Exact copies of all the lines below are needed, without the pictures.

Given data
=== Section Start ===
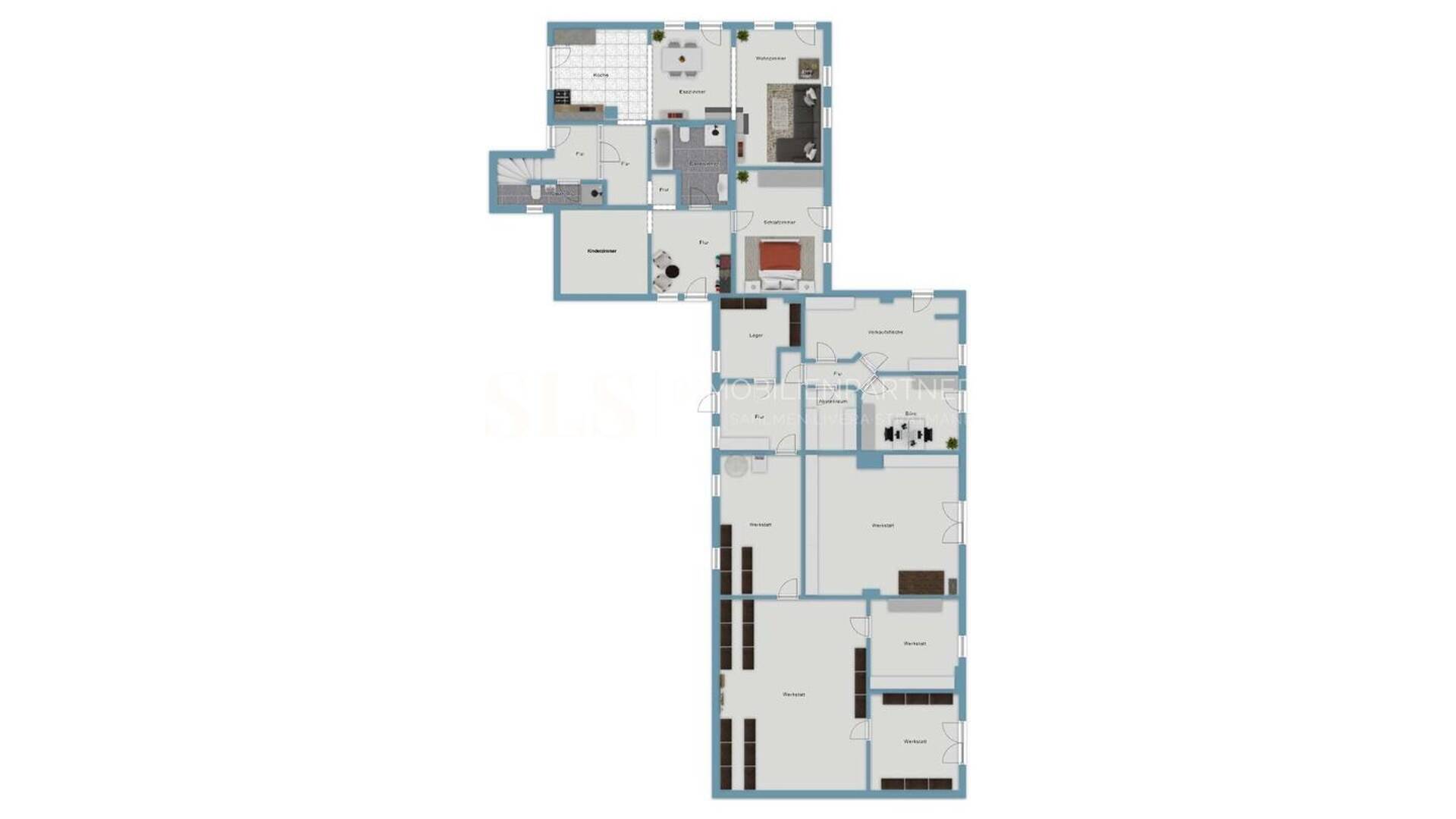 Haus in 46286 Dorsten mit 280 m² kaufen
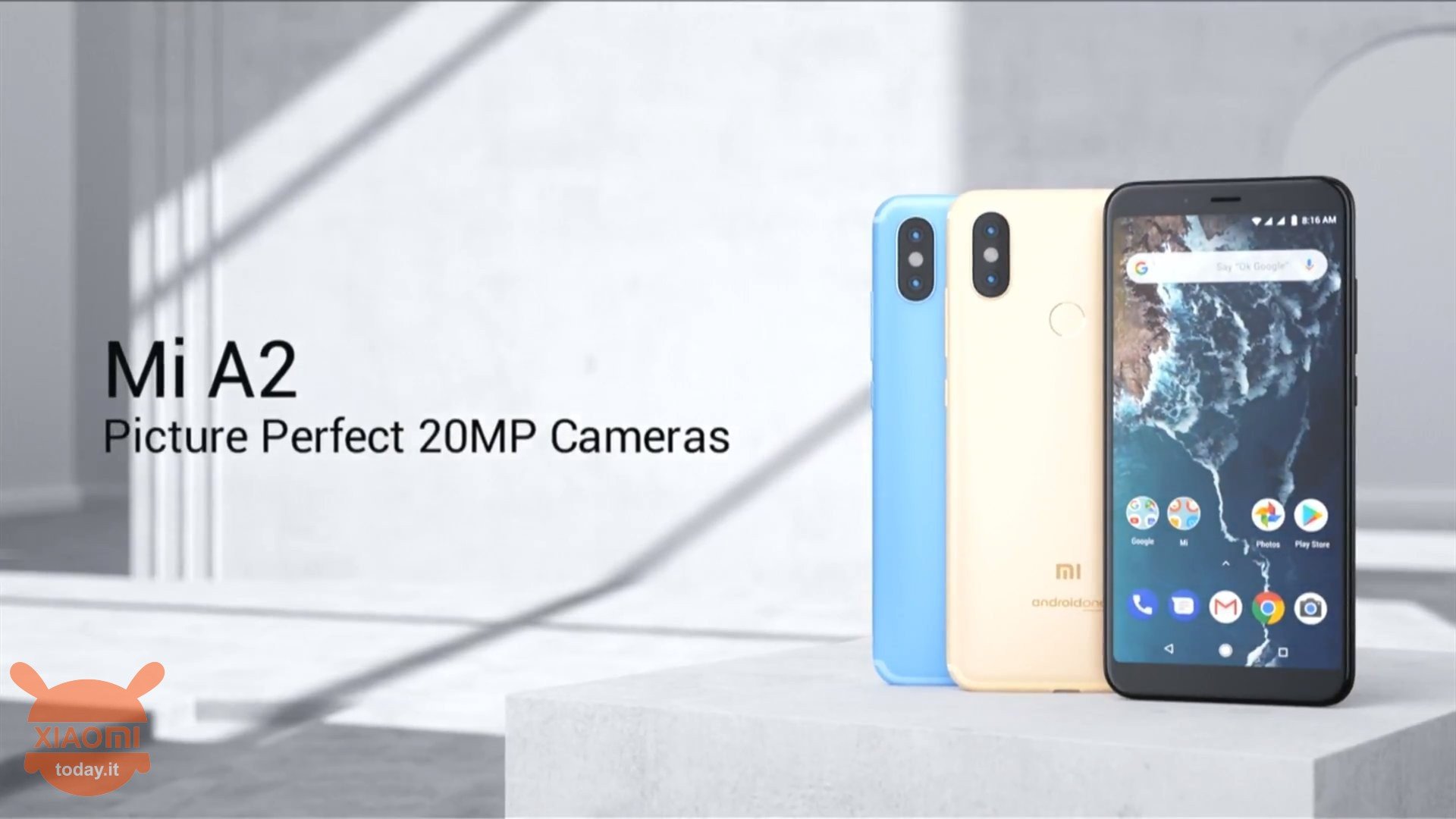 Mi a2 разъем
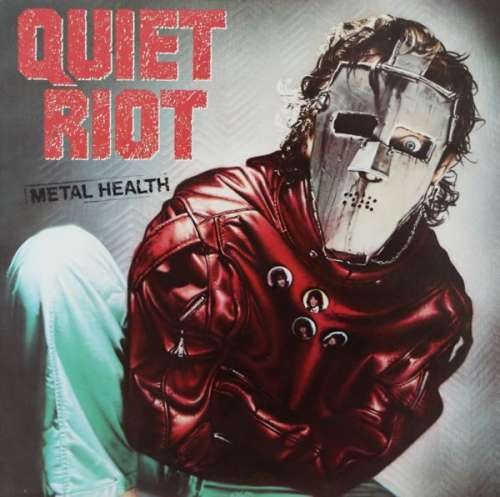 Cover Quiet Riot - Metal Health (LP, Album) Schallplatten Ankauf
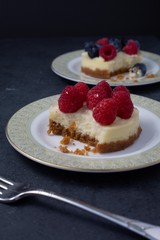 Mini Cheesecake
=== Section End ===
Solved exercise
 Haus in 46286 Dorsten mit 280 m² kaufen
 Mi a2 разъем
 Cover Quiet Riot - Metal Health (LP, Album) Schallplatten Ankauf
 Mini Cheesecake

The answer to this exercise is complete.